WHAT YOU ARE ASKED TO DO: Look through the listing below for the line with "Hot Wheels 1/64" and the line with "Cuaderno con registro". Copy both, along with every line between them, exactly and with no pictures.

EXERCISE DATA:
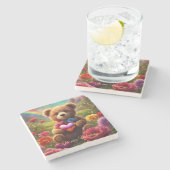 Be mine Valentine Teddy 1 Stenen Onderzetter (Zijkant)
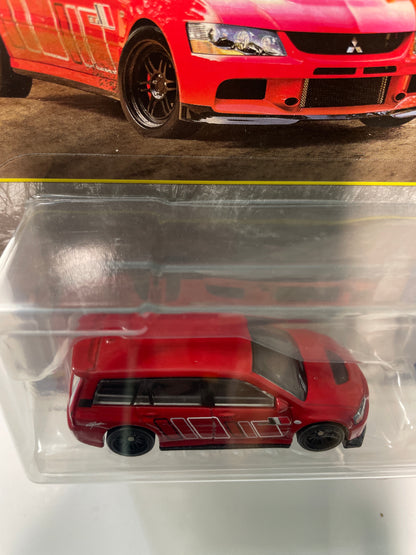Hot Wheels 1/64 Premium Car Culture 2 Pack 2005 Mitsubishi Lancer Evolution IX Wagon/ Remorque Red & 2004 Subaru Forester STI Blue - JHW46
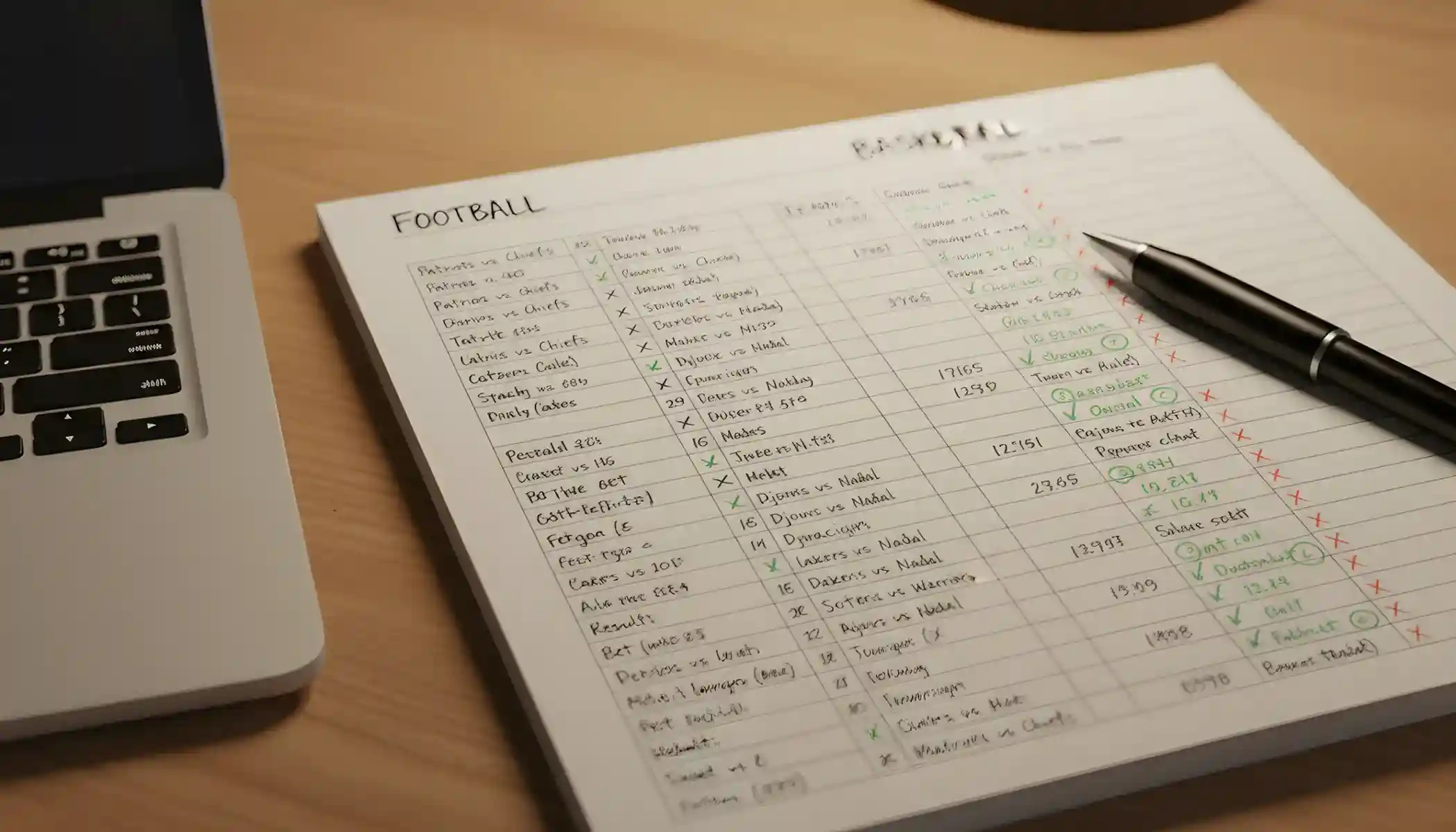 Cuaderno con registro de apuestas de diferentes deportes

---

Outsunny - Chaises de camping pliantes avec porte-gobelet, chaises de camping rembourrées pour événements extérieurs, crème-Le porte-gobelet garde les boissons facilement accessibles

==

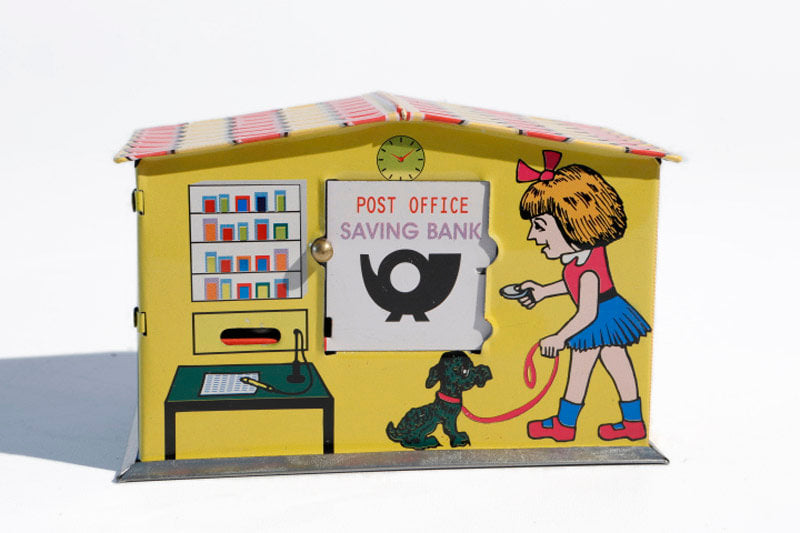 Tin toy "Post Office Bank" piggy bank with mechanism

RESULT OF THE TASK:
Hot Wheels 1/64 Premium Car Culture 2 Pack 2005 Mitsubishi Lancer Evolution IX Wagon/ Remorque Red & 2004 Subaru Forester STI Blue - JHW46
 Cuaderno con registro de apuestas de diferentes deportes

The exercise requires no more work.